Brexit is also part of the mix, with the player character, for example, manoeuvring in the early stages of the game through a ramshackle camp for "European migrants" on the outskirts of the city.
But Ubisoft doesn't see the release as a political diatribe. The political themes are meant to complement the scenario in a way that the "game stays relevant" for players in search of realism.
"Brexit is not what is causing problems in our game world. Our game world is not about the consequences of Brexit," says Hocking.
"The things that caused Brexit are the causes of the problems in our game world, like people's dissatisfaction with wealth inequality, people's frustration with their inability to have their voices heard."
Perfidious Albion
"These are some of the causes of disagreement, protest, Brexit, a societal transformation that we're seeing right now," he argues.
The streets and buildings that host battles between surveillance drones, infiltration robots, rebellious Londoners and the mercenary cops of "Albion" – a fascistic corporate security force – are eerily realistic.
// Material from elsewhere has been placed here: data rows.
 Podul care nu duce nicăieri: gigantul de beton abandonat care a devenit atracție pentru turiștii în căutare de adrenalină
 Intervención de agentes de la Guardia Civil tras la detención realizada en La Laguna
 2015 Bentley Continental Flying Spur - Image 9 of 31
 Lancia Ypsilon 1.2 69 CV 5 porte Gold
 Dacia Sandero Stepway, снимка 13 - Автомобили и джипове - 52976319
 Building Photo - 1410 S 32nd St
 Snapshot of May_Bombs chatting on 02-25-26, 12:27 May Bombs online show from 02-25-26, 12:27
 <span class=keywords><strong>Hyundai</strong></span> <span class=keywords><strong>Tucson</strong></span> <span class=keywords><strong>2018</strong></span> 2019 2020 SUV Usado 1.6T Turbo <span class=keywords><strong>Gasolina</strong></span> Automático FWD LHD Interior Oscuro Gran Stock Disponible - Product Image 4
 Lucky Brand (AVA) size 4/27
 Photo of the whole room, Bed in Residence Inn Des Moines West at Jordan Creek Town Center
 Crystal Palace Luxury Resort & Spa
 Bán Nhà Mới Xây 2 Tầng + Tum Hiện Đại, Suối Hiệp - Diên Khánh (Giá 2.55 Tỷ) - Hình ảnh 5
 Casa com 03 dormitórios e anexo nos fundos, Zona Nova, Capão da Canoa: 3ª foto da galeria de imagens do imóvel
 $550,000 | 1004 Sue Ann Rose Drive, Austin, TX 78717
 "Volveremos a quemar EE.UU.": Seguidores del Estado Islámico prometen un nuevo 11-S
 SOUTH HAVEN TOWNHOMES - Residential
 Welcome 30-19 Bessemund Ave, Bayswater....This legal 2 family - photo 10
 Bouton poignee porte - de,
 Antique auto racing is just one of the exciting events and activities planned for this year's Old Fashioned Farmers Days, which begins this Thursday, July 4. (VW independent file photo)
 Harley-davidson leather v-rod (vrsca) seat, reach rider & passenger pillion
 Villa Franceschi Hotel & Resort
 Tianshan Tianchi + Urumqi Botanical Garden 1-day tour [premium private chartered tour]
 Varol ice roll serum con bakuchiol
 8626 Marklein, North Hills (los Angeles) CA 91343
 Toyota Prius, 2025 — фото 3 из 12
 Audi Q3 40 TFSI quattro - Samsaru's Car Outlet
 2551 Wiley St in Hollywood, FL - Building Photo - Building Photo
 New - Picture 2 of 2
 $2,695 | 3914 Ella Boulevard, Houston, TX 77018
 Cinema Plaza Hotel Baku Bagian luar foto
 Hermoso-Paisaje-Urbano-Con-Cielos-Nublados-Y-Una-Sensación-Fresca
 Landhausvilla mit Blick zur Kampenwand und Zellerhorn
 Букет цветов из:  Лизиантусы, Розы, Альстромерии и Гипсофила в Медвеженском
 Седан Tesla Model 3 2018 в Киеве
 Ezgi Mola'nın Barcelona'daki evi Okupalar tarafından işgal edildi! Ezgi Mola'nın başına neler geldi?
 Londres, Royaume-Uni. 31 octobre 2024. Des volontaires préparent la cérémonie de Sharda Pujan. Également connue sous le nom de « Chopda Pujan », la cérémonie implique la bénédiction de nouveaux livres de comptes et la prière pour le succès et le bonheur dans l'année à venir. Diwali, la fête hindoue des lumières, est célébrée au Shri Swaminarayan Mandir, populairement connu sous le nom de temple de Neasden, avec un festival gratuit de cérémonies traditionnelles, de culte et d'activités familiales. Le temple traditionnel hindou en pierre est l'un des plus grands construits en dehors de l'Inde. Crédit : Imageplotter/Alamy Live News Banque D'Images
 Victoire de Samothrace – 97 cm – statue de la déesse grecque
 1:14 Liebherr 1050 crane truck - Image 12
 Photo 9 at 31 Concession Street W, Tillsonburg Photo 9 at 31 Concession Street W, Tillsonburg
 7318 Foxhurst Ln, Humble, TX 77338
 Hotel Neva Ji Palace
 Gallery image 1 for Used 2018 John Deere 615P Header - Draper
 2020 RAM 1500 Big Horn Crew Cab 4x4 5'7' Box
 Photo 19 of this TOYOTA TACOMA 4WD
But, as the game's title page notes, Watch Dogs is a work of fiction.
Olivier Mauco, who studies video games at the Sciences Po institute in Paris and founded an agency that introduces the techniques of game design into company management and education, plays down the political content.
"Ubisoft often surfs on the political themes of the moment," he told AFP.
"They don't deny political and social reality, but it remains a backdrop. There's no political messaging behind it."
The company may also be hoping that the release, followed next month by the major series climax "Assassin's Creed Valhalla" will help it put its own difficult year of social and political reality behind it.
Last month the company conducted an internal survey of 2,000 of its 14,000 employees and found a quarter had witnessed "workplace misconduct," amid concerns about bullying and sexism in the games industry.